|The source for magazine subscriptions at cheap prices.|
I really suck at keeping this blog of mine up to date. I thought it would be easier than actually hand writing everything in a journal, and since I type faster than I can write, I suppose it is. Well that was certainly a lame way to start this post. And WOW that ad looks way bigger than I thought it would. Huh.
Anyhoo. Christmas. For the entire months of November and December, there was a plague-like sickness that had run rampant through the office, taking coworkers out of commission for a week at a time. I managed to escape it, or so I thought. It finally caught up to me the Friday we were to leave for California for Christmas vacation. Awesome. We were to leave after I got off work. E2 called to see how I was doing and upon hearing my pathetic croaking voice stated, "We're not going, are we?". He gets all twitchy and weird if he doesn't make it out of town at least once a month. It's a disturbing sight that I wasn't willing to deal with for Christmas. We were most certainly going.
We passed the Salt Flats on the way out of town as the sun was setting. The lighting was gorgeous so naturally, he had to stop to get a picture.

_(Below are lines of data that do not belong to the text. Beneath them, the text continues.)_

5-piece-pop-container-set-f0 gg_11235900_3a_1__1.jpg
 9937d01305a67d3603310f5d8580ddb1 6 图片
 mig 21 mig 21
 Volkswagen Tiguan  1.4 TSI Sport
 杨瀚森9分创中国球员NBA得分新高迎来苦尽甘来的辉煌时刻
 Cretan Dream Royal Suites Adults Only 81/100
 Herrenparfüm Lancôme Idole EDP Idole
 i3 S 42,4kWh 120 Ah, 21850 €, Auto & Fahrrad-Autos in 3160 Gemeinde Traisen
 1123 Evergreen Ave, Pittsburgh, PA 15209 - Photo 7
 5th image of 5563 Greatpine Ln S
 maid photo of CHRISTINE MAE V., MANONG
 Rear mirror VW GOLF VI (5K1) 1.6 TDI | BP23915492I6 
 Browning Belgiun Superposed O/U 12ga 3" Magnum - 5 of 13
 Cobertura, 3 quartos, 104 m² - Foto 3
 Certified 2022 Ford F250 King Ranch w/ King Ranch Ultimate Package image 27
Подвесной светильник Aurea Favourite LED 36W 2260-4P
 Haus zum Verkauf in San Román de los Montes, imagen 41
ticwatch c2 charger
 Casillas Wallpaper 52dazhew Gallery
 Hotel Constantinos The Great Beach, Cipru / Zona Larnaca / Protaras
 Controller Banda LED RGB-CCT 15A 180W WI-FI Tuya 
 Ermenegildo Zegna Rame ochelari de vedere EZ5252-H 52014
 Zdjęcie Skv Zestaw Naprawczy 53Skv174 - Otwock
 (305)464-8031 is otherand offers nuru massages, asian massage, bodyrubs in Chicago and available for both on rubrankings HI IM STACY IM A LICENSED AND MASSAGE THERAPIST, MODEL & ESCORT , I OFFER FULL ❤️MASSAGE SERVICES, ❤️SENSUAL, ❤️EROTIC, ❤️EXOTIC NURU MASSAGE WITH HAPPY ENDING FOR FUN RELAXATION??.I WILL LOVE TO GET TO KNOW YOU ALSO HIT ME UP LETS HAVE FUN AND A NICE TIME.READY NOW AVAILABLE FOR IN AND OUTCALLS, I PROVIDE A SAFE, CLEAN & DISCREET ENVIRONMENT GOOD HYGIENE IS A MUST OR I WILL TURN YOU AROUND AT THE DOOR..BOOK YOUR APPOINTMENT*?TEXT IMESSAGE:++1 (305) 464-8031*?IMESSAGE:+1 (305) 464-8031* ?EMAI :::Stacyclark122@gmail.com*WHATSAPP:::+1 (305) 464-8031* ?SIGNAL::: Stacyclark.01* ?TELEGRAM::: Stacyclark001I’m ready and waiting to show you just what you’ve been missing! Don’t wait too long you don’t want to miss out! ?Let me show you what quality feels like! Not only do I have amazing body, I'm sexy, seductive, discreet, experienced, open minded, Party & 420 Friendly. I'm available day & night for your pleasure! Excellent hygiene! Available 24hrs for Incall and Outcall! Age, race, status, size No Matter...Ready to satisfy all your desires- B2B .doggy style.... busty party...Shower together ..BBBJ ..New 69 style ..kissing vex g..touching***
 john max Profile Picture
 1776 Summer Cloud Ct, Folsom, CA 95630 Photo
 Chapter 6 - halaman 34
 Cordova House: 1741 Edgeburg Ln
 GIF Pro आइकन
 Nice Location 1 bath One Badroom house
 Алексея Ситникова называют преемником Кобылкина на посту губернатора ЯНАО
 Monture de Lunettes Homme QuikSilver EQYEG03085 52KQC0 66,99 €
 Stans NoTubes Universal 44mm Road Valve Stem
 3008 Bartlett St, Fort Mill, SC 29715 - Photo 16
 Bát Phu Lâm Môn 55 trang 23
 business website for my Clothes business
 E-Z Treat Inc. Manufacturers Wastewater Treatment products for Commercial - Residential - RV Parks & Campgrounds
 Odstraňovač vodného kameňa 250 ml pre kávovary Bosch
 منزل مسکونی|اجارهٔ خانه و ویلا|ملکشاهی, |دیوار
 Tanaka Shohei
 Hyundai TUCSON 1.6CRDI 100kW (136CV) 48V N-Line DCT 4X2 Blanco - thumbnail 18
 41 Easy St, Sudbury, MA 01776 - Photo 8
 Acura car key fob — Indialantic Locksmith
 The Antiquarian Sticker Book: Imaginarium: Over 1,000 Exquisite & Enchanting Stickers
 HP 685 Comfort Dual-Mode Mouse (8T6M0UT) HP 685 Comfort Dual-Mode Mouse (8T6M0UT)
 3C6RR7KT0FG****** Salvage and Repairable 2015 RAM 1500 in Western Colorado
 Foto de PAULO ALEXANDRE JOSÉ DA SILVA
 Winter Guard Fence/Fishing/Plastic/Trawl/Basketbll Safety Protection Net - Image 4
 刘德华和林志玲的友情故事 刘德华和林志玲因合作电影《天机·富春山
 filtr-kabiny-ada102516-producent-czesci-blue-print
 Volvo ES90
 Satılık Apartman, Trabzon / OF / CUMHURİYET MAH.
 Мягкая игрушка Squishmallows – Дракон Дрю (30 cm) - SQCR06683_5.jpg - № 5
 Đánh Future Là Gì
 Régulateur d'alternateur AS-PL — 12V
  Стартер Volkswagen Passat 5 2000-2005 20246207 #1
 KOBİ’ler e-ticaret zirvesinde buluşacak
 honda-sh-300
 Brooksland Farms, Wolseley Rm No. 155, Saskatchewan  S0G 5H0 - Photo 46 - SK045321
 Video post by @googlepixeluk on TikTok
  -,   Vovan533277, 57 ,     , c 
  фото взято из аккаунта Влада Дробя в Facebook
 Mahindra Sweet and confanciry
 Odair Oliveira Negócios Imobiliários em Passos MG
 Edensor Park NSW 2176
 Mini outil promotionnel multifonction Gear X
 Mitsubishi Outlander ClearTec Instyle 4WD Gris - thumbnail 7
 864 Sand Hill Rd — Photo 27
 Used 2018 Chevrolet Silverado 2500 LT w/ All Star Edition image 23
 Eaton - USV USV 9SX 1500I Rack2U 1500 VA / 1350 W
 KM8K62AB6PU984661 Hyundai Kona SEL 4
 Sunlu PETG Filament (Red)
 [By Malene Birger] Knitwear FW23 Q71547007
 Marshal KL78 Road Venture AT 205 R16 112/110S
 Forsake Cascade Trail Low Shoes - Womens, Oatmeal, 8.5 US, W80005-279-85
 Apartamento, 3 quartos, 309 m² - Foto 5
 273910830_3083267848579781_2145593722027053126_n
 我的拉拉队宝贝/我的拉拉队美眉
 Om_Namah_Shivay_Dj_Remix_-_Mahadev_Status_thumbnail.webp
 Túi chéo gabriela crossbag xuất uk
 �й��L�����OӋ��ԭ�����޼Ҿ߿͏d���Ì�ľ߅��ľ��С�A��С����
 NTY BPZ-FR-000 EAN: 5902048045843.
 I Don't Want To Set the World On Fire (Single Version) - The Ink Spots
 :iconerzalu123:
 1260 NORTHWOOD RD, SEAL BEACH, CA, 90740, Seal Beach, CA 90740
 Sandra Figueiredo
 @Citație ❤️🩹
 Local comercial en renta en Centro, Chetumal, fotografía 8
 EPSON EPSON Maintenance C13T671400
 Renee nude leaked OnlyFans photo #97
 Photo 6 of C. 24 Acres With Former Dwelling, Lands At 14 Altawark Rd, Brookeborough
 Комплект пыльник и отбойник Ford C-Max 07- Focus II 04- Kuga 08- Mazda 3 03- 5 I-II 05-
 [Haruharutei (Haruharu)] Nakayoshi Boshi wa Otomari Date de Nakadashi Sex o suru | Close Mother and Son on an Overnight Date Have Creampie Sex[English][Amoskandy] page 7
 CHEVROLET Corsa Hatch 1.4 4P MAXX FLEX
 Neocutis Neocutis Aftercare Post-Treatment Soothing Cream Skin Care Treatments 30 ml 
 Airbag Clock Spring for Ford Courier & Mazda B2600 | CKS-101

We made it to Bishop, Ca in the middle of the night, set up camp and went to bed only to awake in the morning to shouts of "SLC represent!!". What in the... We'd set up camp next to a huge rock formation. On the other side of it were four climbers from Salt Lake that Erik knew. We spent the day bouldering with them...or rather Erik did. I tried a few problems and was impressed with myself for reaching a whole new high (or low?) of sucking. I felt weak and sick and lame. I was bummed but it was still nice to be able to sit out in the sun in a t-shirt and not have to be bundled up like an overly chaste abominable snowman.
Next day we went to Owens Valley which has the very creatively named river, Owens River.
E2 pulls over and asks "Wanna see something cool?". Without thinking of the consequences, I respond in the affirmative. He says "Come on!" and proceeds to trot straight up this steep trail in the hillside opposite the river.
Effing hell. I should have known. I start trudging along after him and am exhausted about half way up. I turn around and look down at the river. Welp, yeah I guess that's pretty cool. I guess. I still feel like crap and not gonna lie, was being kinda pissy. I yell up to him. " I don't need to climb all the way up there to see the view. I can see it fine from here."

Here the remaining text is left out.